HCCL_ALGO

Description

Configures the communication algorithms between servers and supernodes. The algorithms can be configured globally or by operator.

This section only provides a brief introduction to configurable algorithm functions. For details, see Collective Communication Algorithms.

  • HCCL provides the adaptive algorithm selection function, so that it can select an appropriate algorithm by default based on the product form, data size, and number of servers, requiring no manual configuration. Enabling this environment variable to specify the inter-server or inter-supernode communication algorithm would invalidate the adaptive algorithm selection function.
  • In some communication operators, when a specific type of AI processor is used and the data size is small, the communication algorithm is adaptively selected by HCCL and not controlled by this environment variable.
  • The algorithms listed in this section cover the full set of communication algorithms that can be configured in HCCL. For details about the inter-server communication algorithms and inter-supernode communication algorithms supported by specific products, see List of Supported Algorithms for Inter-Server Communication and List of Supported Algorithms for Inter-Supernode Communication.
  • The global configuration method is as follows:

    export HCCL_ALGO="level0:NA;level1:<algo>;level2:<algo>"

    • level0 indicates the intra-server communication algorithm. Currently, this value can only be set to NA.
    • level1 indicates the inter-server communication algorithm. This value can be set to the following:
      • ring: a communication algorithm based on the ring topology. It features a large number of communication steps (linear complexity) and relatively high latency. However, it has a simple communication relationship and is less affected by network congestion. This algorithm applies to scenarios featuring a small number of servers within the communicator, low communication data volume, severe network congestion, and inapplicability of the pipeline algorithm.
      • H-D_R: Recursive Halving-Doubling (RHD) algorithm. It features a small number of communication steps (logarithmic complexity) and relatively low latency. However, extra traffic is introduced if the number of nodes is not an integral power of 2. This algorithm applies to scenarios where the number of servers in the communicator is an integral power of 2 with the pipeline algorithm inapplicable, or where the number of servers is not an integral power of 2 but the communication data volume is small.
      • NHR: Nonuniform Hierarchical Ring (NHR) algorithm. It features a small number of communication steps (logarithmic complexity) and relatively low latency. This algorithm applies to scenarios where there are lots of servers in the communicator and the pipeline algorithm is not applicable.

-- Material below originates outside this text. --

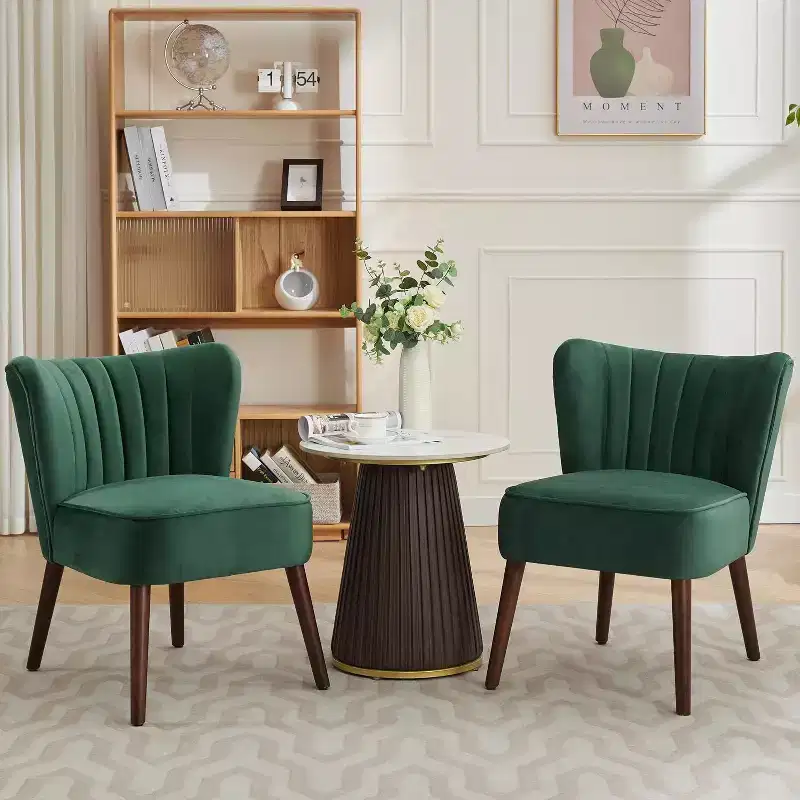 Modern Velvet Wingback Accent Chair with Wood Legs & Channel Tufting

        For the Atlas 350 Accelerator Card of the current version, only the NHR algorithm can be configured.

      • NHR_V1: NHR algorithm of an earlier version. It features a small number of communication steps (root complexity) and relatively low latency. This algorithm applies to scenarios where the number of servers in the communicator is not an integer power of 2 and the pipeline algorithm is not applicable. Theoretically, the performance of the NHR_V1 algorithm is lower than that of the new NHR algorithm. This configuration option will be deprecated in the future. It is recommended that developers use the NHR algorithm.
      • NB: Nonuniform Bruck (NB) algorithm. It features a small number of communication steps (logarithmic complexity) and relatively low latency. This algorithm applies to scenarios where there are lots of servers in the communicator and the pipeline algorithm is not applicable.
      • AHC: Asymmetric Hierarchical Concatenate (AHC) algorithm. This algorithm applies to scenarios where NPUs are symmetrically or asymmetrically distributed (that is, asymmetric number of devices) across multiple layers in the communicator. When bandwidth convergence exists between layers in the communicator, the relative benefits are better.

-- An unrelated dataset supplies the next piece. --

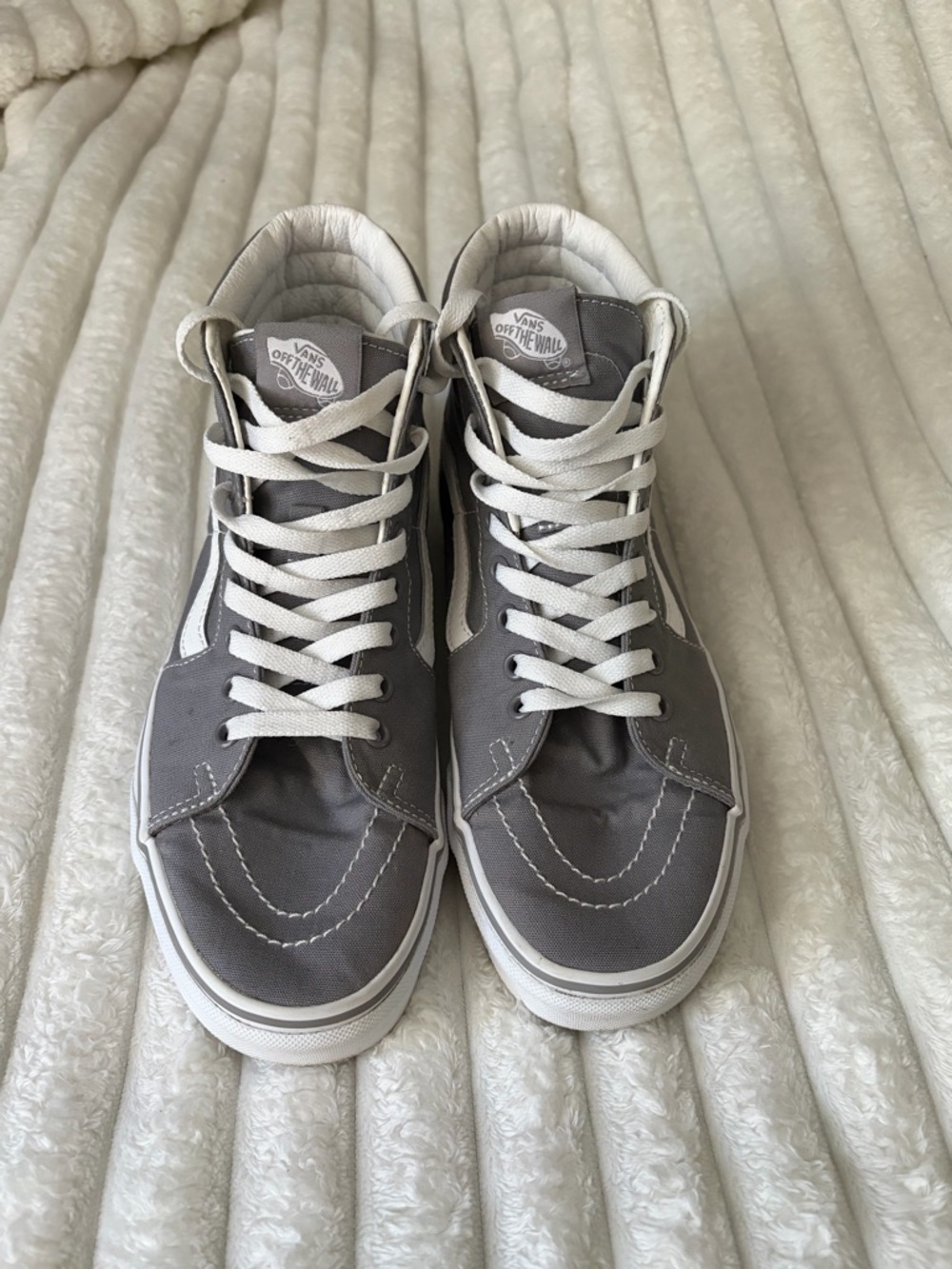Vans Women’s Sk8-Hi Canvas Sneakers - Gray & White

        Note: When level1 (inter-server communication algorithm) is set to AHC, level2 (inter-supernode communication algorithm) automatically uses the AHC algorithm without additional configuration. Even if level2 is set to another algorithm, the setting does not take effect.

      • pipeline: pipeline parallel algorithm. It can concurrently use the intra-server and inter-server links. This algorithm applies to scenarios where the communication data size is large and each server in the communicator contains multiple devices.
      • pairwise: pairwise communication algorithm. It is used only for the AlltoAll, AlltoAllV, and AlltoAllVC operators. It features a large number of communication steps (linear complexity) and relatively high latency, and requires additional memory allocation. The memory size is in direct proportion to the data size. However, it can avoid the problem of one-to-many network. This algorithm applies to scenarios where the communication data size is large and the problem of one-to-many network needs to be avoided.
      If level1 is not set:
      • For the Atlas 350 Accelerator Card, the NHR algorithm is used by default.
      • For the Atlas A3 training product / Atlas A3 inference product , the algorithm is automatically selected based on the product form, number of nodes, and data size.
      • For the Atlas A2 training product / Atlas A2 inference product , the algorithm is automatically selected based on the product form, number of nodes, and data size.
      • For the Atlas training products , if the number of servers in a communicator is not an integral power of 2, the ring algorithm is used by default. In other scenarios, the H-D_R algorithm is used by default.
    • level2 indicates the inter-supernode communication algorithm. This value can be set to the following:
      • ring: a communication algorithm based on the ring topology. It features a large number of communication steps (linear complexity) and relatively high latency. However, it has a simple communication relationship and is less affected by network congestion. This algorithm applies to scenarios where the number of supernodes in the communicator is small and is not an integral power of 2.
      • H-D_R: Recursive Halving-Doubling (RHD) algorithm. It features a small number of communication steps (logarithmic complexity) and relatively low latency. However, extra traffic is introduced if the number of nodes is not an integral power of 2. This algorithm applies to scenarios where the number of supernodes in the communicator is an integral power of 2, or the number of servers is not an integral power of 2 but the communication data size is small.
      • NHR: Nonuniform Hierarchical Ring (NHR) algorithm. It features a small number of communication steps (logarithmic complexity) and relatively low latency. This algorithm applies to scenarios where the number of supernodes in the communicator is large.
      • NB: Nonuniform Bruck (NB) algorithm. It features a small number of communication steps (logarithmic complexity) and relatively low latency. This algorithm applies to scenarios where the number of supernodes in the communicator is large.
      • pipeline: pipeline parallel algorithm. It can concurrently use the intra-supernode and inter-supernode links. This algorithm applies to scenarios where the communication data size is large and each supernode in the communicator contains multiple devices.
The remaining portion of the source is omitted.